The /B/ Files at CDS
Although on occasions the B subdirectory will contain massive datasets, it primarily hosts files that are perpetually or intermittently updated. This saves the CDS team having to repeatedly obsolete old paths and create new ones. Updated lists like log files have lived hear a long time, but since the start of this year there have been half a dozen or so additions. Some, like xmm, won't interest most people, some others still only include a sample of the full dataset at the ftp archive. Some contain full updates in a more accessible form than they are usually delivered.
Four will be mentioned here, with one being concentrated upon as example.
The /B/ subfolder lives here
ftp://cdsarc.u-strasbg.fr/pub/cats/B
The ones noted will be WDS, GCVS, SB9 and VSX.
The one demonstrated will be WDS.
Click on wds at the above url.
Click on readme and read it.
Notice at the bottom that this file is updated once per month, roughly, continuously since the beginning of this year.
This is the perpetually latest WDS. It contains amendments and appendments as they appear in the professional literature at random, and amendments and appendments (ie new objects) as they appear regularly in the quarterly Journal of Double Star Observations and the kind of annual Webb Society Double Star Section Circular.
The latest WDS as sourced via the WDS server has two problems for the Guide 8 user. The coordinates' column for lost objects is blank.
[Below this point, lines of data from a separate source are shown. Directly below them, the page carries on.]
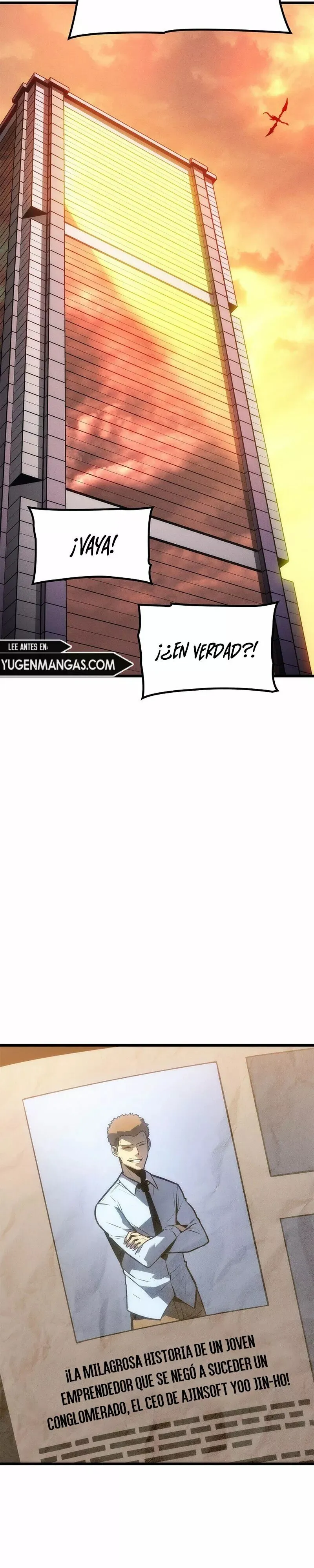 Read Solo Leveling ES Manga Online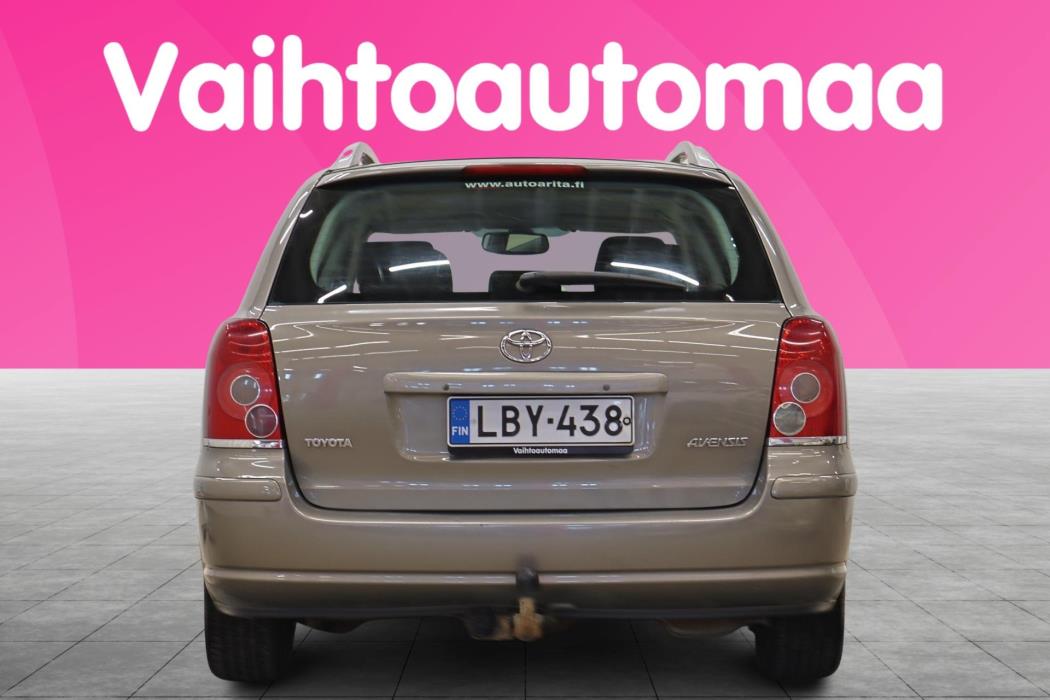 TOYOTA Avensis 2006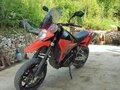 2006 KTM 950 SM, оранжевый, 300000 рублей - вид 1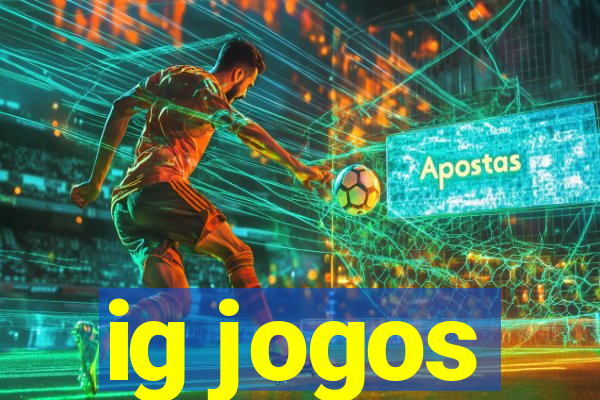 ig jogos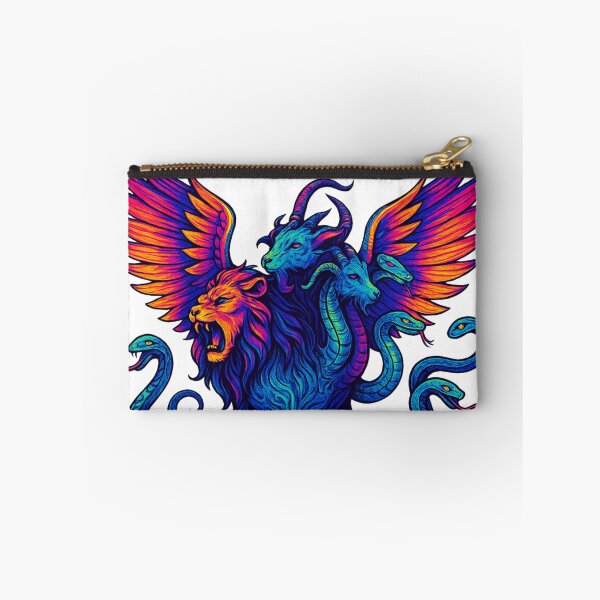 Item preview, Chimerical Beast with Intense Eyes designed and sold by JonelleTshirts.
Thus Bill G. wrote add_loc.exe which copies the very approximate coordinates of the WDS coordinate based identifier to that column, and probably incidentally sorts the whole on RA whilst it is at it (the file is sorted on RA already, but _not_ full J2000 RA, which is what Guide needs really. It's B1900 RA sorted I think, possibly mixed in with others for newer doubles).
Now, this too served as a problem for the CDS team, it seems, as they too populate these blank fields in the coorinates column with the approximate positions as taken from the WDS coordiante identifier in the first columns. They also precede those coordinates with a ! character.
This allows two things. One is WDS.dat can now be directly downloaded from ftp://cdsarc.u-strasbg.fr/pub/cats/B/wds/ , just like mpcorb is downloaded for asteroids, and simply replace the old one, once per month or so, and the very latest up to date version is received with the user having to do nothing.
If only...
Unfortunately it's not sorted on RA.
Bill has a sorting program. It lives here
http://www.projectpluto.com/xz80q.zip
contained within this zip file and is called sorter.exe
You backup your old wds.dat, in case of errors.
You download the new wds.dat from the above ftp directory (you can just right click on it in a browser and say save as, currently nearly a 14 Mb download).
You rename the freshly downloaded file to wds.new in however way you rename things. Not wds.dat.new, not wds.new.dat, but wds.new. Actually you can rename it to anything you want, but only if you really and truly know what you are doing, otherwise follow the verbatim route.
Now, you place all of wds.new and sorter.exe in the same directory. The same folder.
You start a DOS Window or a DOS Box or a Command Prompt window or however you wish to call it. You change drive and subdirectory within the DOS box to the drive and subdirectory where both these files live. If you have absolutely no idea how to do this, return your backup of wds.dat and don't bother going any further.
If you've placed sorter.exe and wds.new in the same place and navigated to that place within your dos box you simply type at the command prompt
sorter wds.new wds.dat 113
wds.new is sorted on column 113 and the result placed in wds.dat
Column 113 is where the coordinates for J2000 start.
You copy WDS.dat to your Guide directory, and use the below TDF, or the copy of it from the Yahoo files folder I'm going to upload.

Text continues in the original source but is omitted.